VAD workflow with Silero
In terms of which VAD to apply, you can use e.g. SileroVAD: https://github.com/snakers4/silero-vad/wiki/Examples-and-Dependencies#examples
Actually a workflow/integration into Lhotse would be nice if somebody is willing to contribute that.
Originally posted by @pzelasko in https://github.com/lhotse-speech/lhotse/issues/726#issuecomment-1522540788
FYI: We have just integrated silero VAD into sherpa-onnx.
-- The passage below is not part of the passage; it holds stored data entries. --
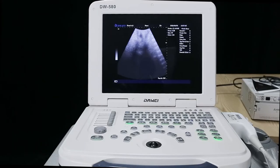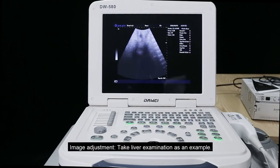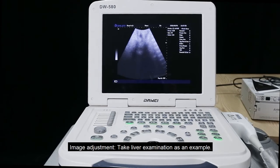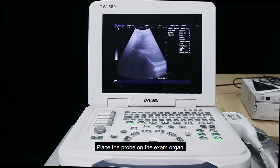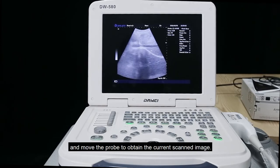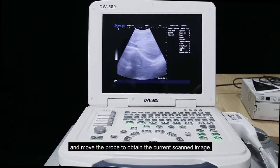Third, demonstrate how to adjust the parameters of the machine to get a clear image. Image adjustment: take liver examination as an example, place the probe on the exam organ and move the probe to obtain the current scanned image.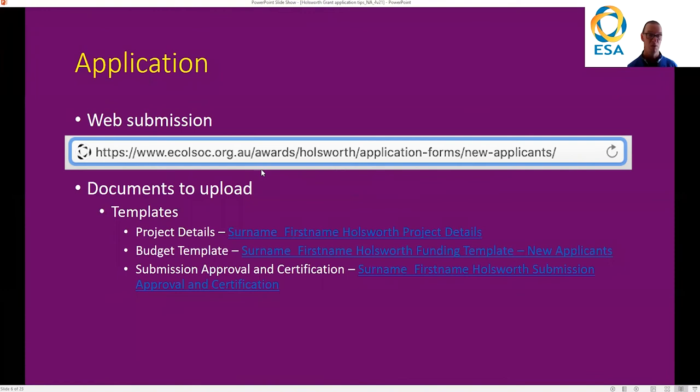The application is a web submission, but there are three documents you need to upload to it. The templates are provided on the website. These are the project details template, the budget template, and also a submission, approval, and certification form that needs to be filled in by your research office when you submit.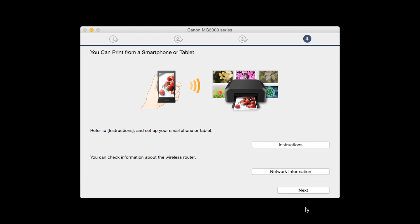On this screen, you can get instructions on how to set up a mobile device such as a smartphone or tablet. Also, you can get information about your wireless router here. Click next.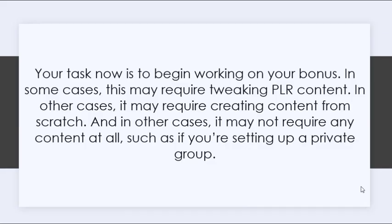For your action steps, your task now is to begin working on your bonus. In some cases, this may require tweaking PLR content. In other cases, it may require creating content from scratch. And in other cases, it may not require any content at all, such as if you're setting up a private group.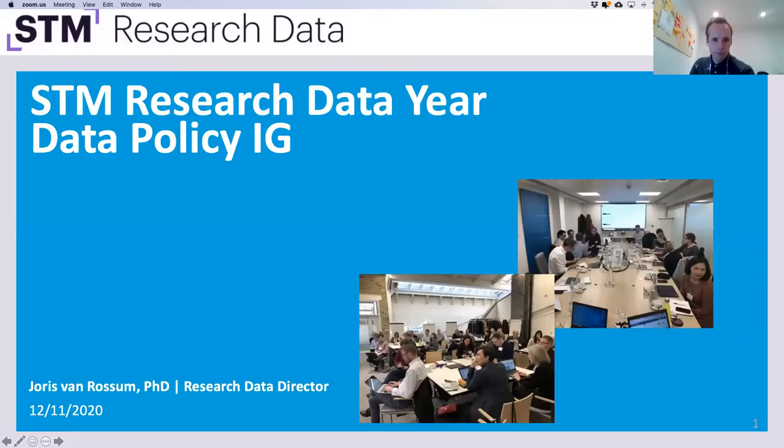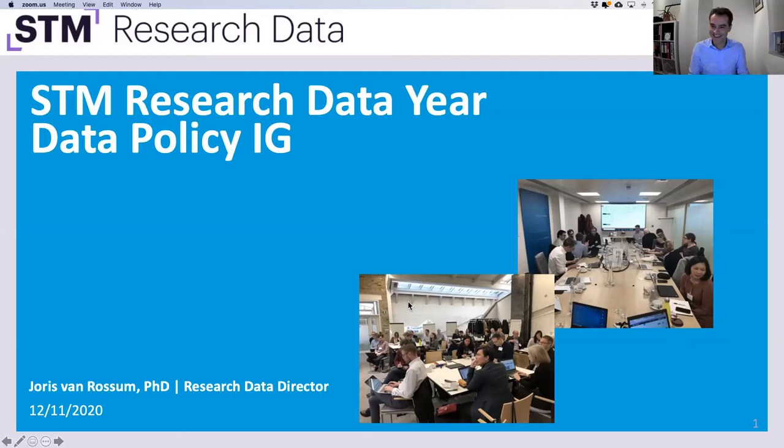Thank you very much for that very relevant regional context — excellent input. It's a really good segue into thinking across the whole variety of journals, something that Joris van Rossum has been deeply engaged with in the last year or more. Joris van Rossum, STM Research Data Director, is going to give a short presentation about the STM Research Data Year, the second of our early adopter stories. Does everyone see my screen? Yes we do.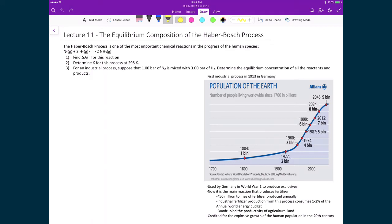We're now going to look at some examples in the context of equilibrium, and we're going to use the Haber-Bosch process as the main chemical reaction to examine equilibrium. The Haber-Bosch process is this reaction where we're combining nitrogen and hydrogen to form ammonia.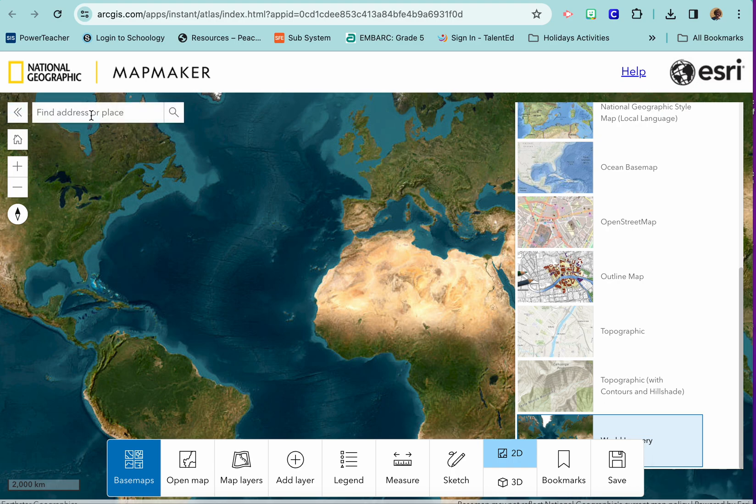For your assignment on Friday I'd like you to use the National Geographic style base map. Once you're done you can click Base Maps to close that panel. We are not going to be using open map or map layers, so you can skip those. We won't be measuring either. You can switch to 3D to look around and explore, but when you're ready to turn in your assignment it needs to be in 2D.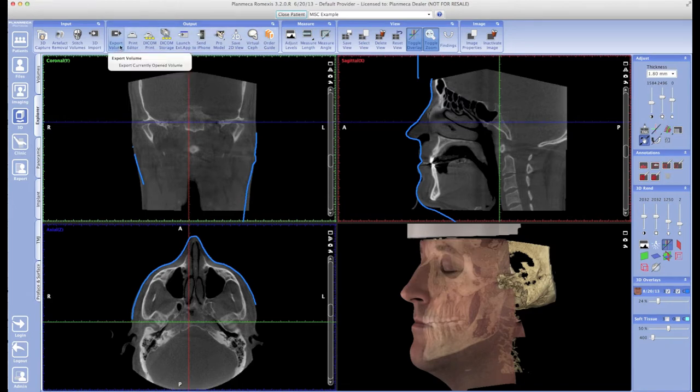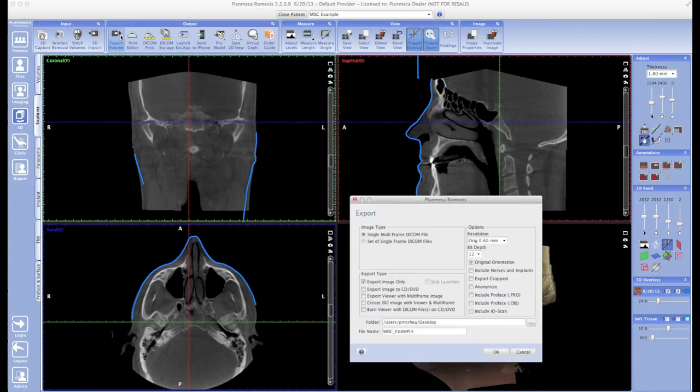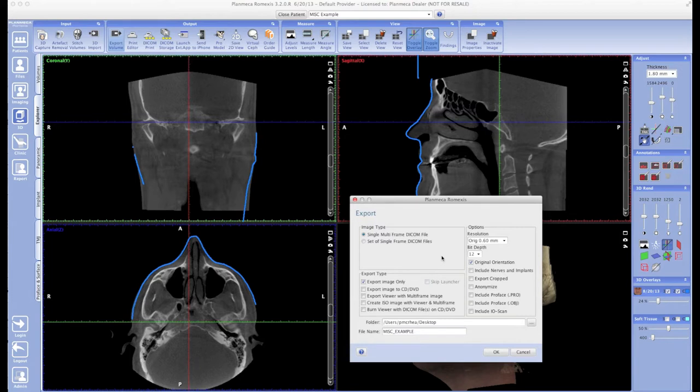This is a very familiar-looking options window, except we have a few more options when it comes to 3D than we did with 2D. For instance, the first option is Export as a Single Multi-Frame DICOM File or a Set of Single Multi-Frame DICOM Files. Notice the plurality there—Files is going to literally give you a separate file for every frame in that 3D data set. That's like 400 frames, so you don't really want to choose that.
All you need is to run
pip install sherpa-onnx
You can find two Python examples below:
- https://github.com/k2-fsa/sherpa-onnx/blob/master/python-api-examples/vad-remove-non-speech-segments.py#L104
- https://github.com/k2-fsa/sherpa-onnx/blob/master/python-api-examples/generate-subtitles.py#L348
We also have a huggingface space that uses Silero VAD + non-streaming ASR models to generate subtitles for videos/audios. Please see
The code related to VAD for the above huggingface space can be found at https://huggingface.co/spaces/k2-fsa/generate-subtitles-for-videos/blob/main/decode.py
Cool! Maybe it would be interesting to create lhotse workflows that leverage sherpa (e.g. at the start they launch server subprocess and then spawn N clients to process data with sherpa).